REQUIRED ACTION >> Your copy should hold exactly the lines from the one containing "Figure 2-7. Dysferlin-containing" through the last line of the entries, and no pictures.

AVAILABLE RECORDS >>

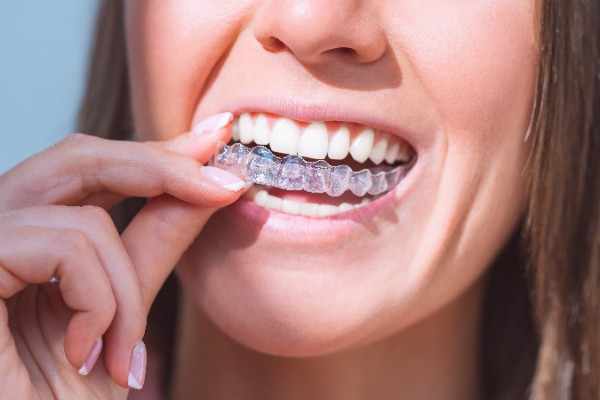 Professional Tooth Repair and Cleaning Services in Blackpool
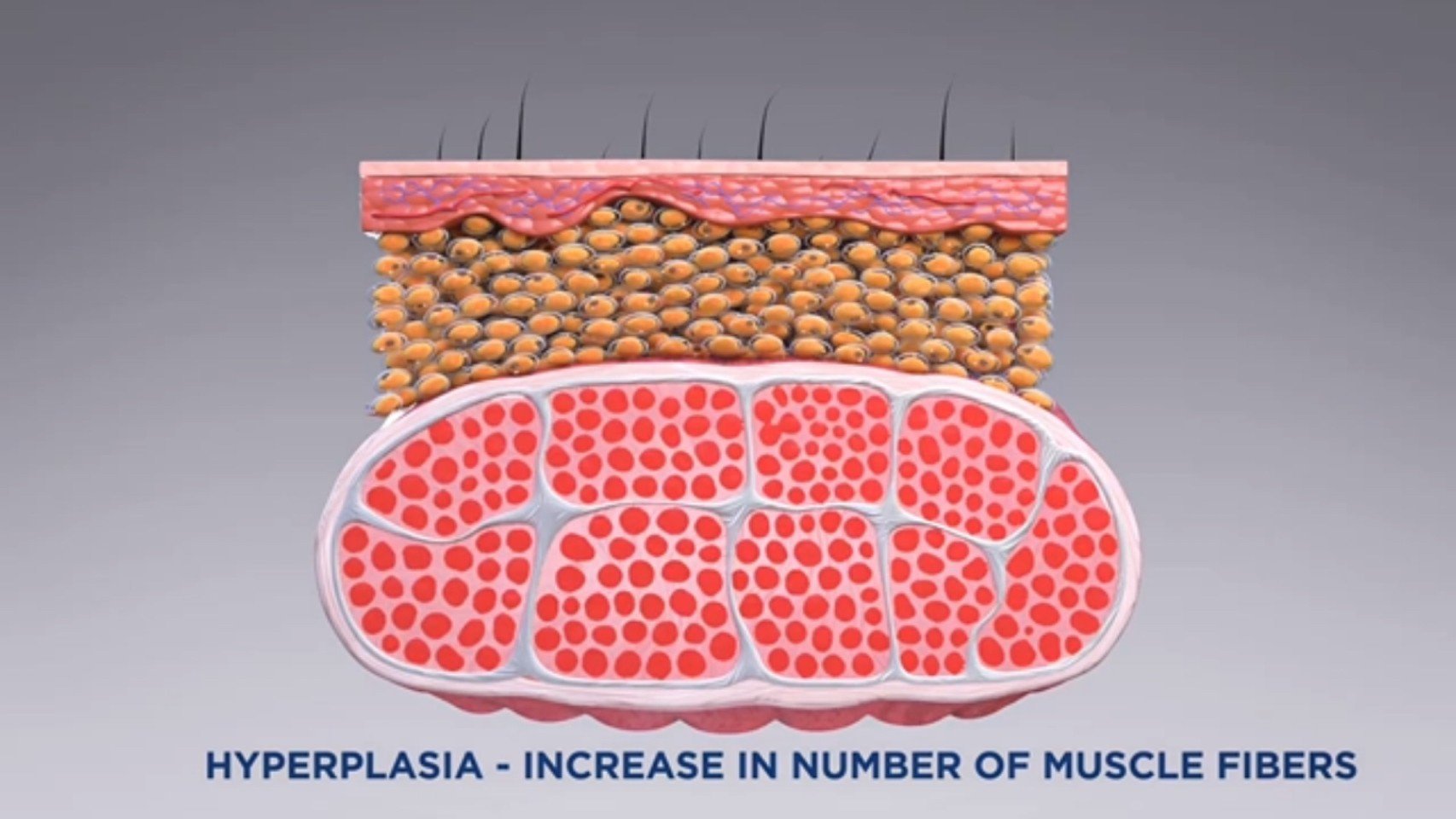 นวัตกรรมสร้างกล้ามเนื้อสลายไขมันด้วย Emsculpt นวัตกรรมสร้างกล้ามเนื้อสลายไขมันด้วย Emsculpt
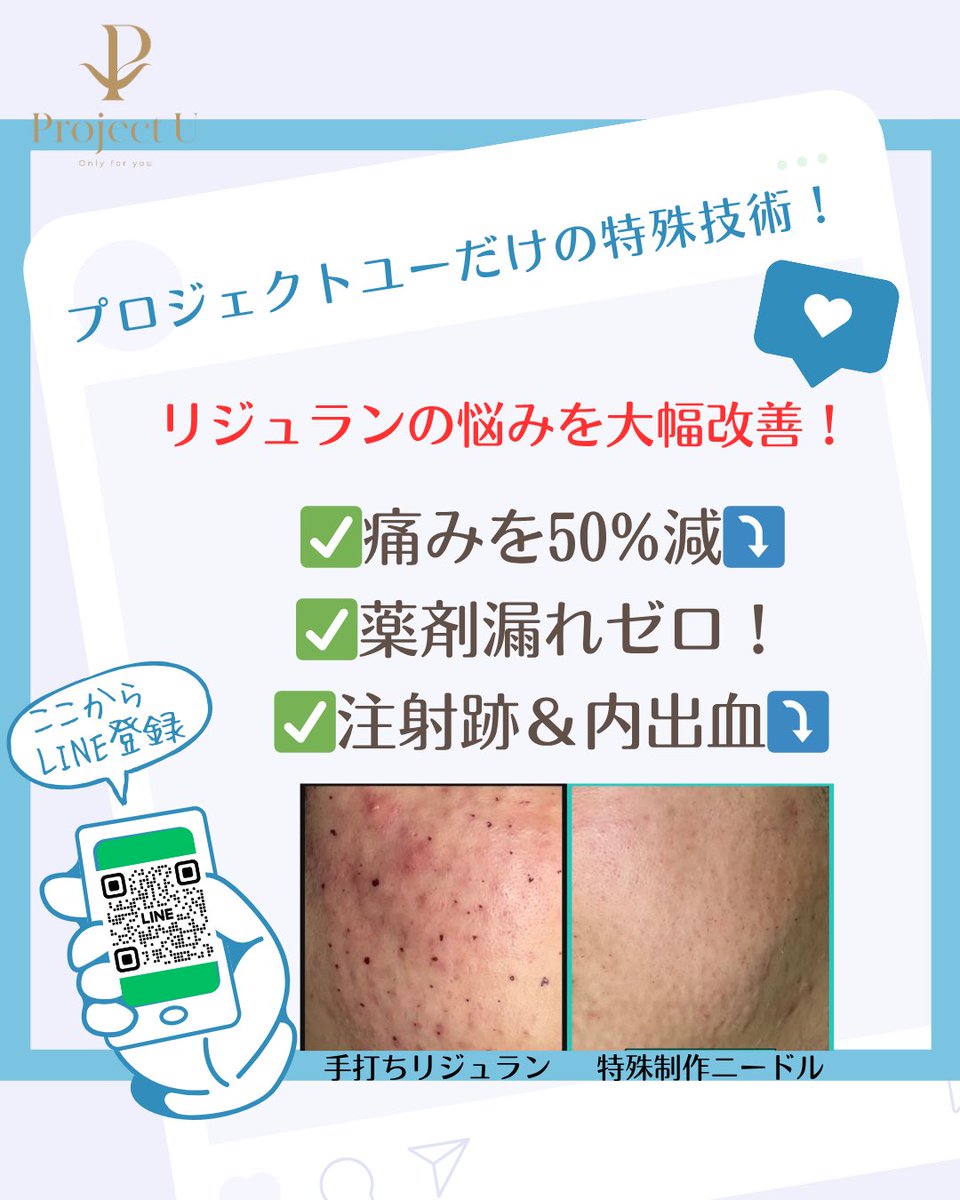 リジュラン(経験者)モニターさん大募集‼️
応募要項をご確認の上、本投稿コメント欄に申し込みして下さい🧡
~7/25までの募集になります！
当選は直接ご本人のアカウントにdmでお知らせしますので、必ずプロジェクトユーアカウントをフォローして下さいね☺️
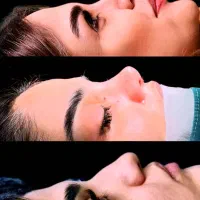 عمل جراحی بینی با ۵۰٪تخفیف ویژه فرصت محدود|خدمات آرایشگری و زیبایی|اصفهان, نقش جهان|دیوار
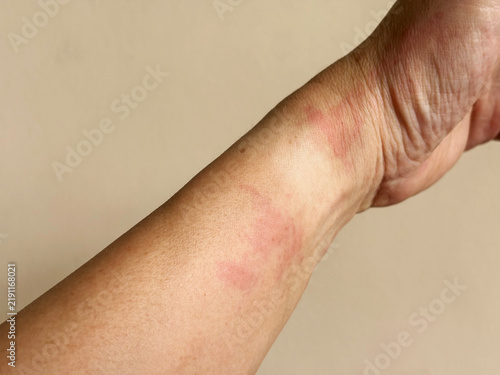 Close-up of red allergic skin rash and idiopathic dermatitis inflammation on a human wrist. Ideal for medical, healthcare, dermatology, and allergic reaction concepts.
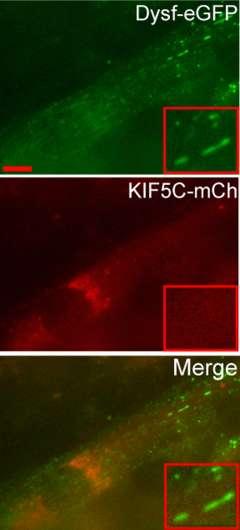 Figure 2-7. Dysferlin-containing vesicles do not label with KIF5C in differentiated L6 myotubes.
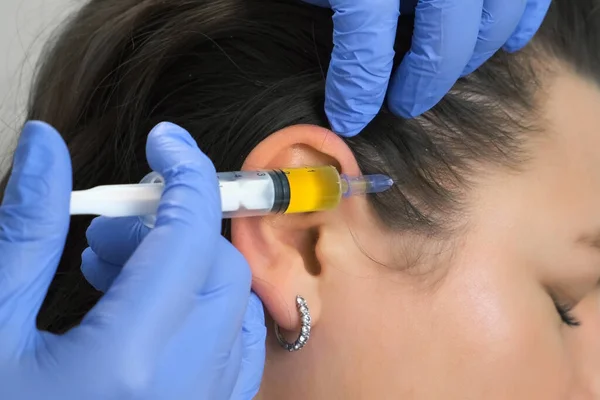 医師トリコロジストは髪の成長のために頭の上の女性の皮膚に注射を行います. — ストック写真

ANSWER SECTION >>
 Figure 2-7. Dysferlin-containing vesicles do not label with KIF5C in differentiated L6 myotubes.
 医師トリコロジストは髪の成長のために頭の上の女性の皮膚に注射を行います. — ストック写真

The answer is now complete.